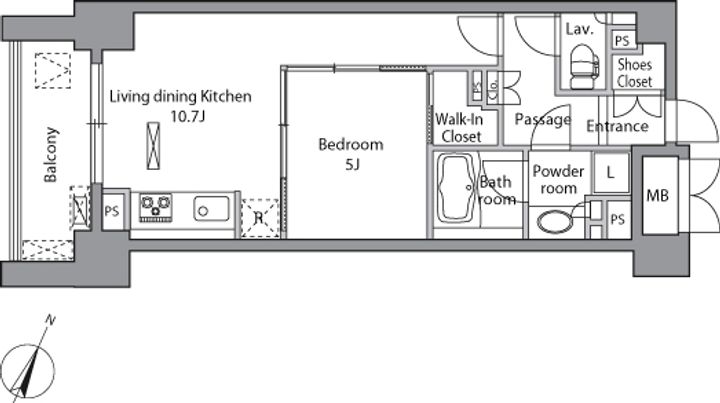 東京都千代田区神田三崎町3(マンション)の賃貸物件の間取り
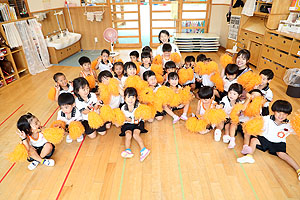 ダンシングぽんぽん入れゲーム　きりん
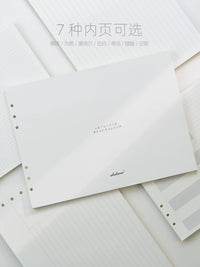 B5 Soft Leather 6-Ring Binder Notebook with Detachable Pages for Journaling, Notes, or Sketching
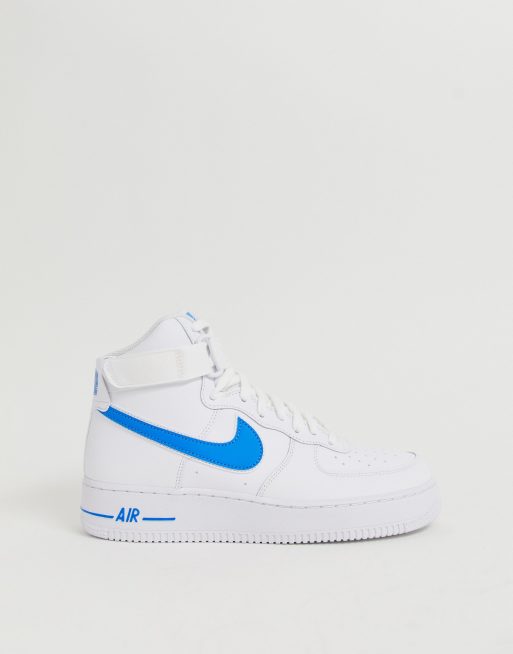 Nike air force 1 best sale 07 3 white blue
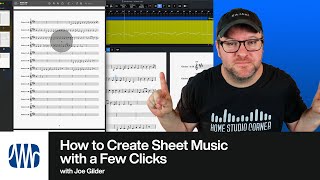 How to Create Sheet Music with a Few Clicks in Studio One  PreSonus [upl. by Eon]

§ **Exercise**: Quote, word for word and nothing more, every line from the line with "Nike air force 1 best sale 07 3 white blue" to the end of the entries, including both ends; skip any pictures.

§ **Your solution**:
 Nike air force 1 best sale 07 3 white blue
 How to Create Sheet Music with a Few Clicks in Studio One  PreSonus [upl. by Eon]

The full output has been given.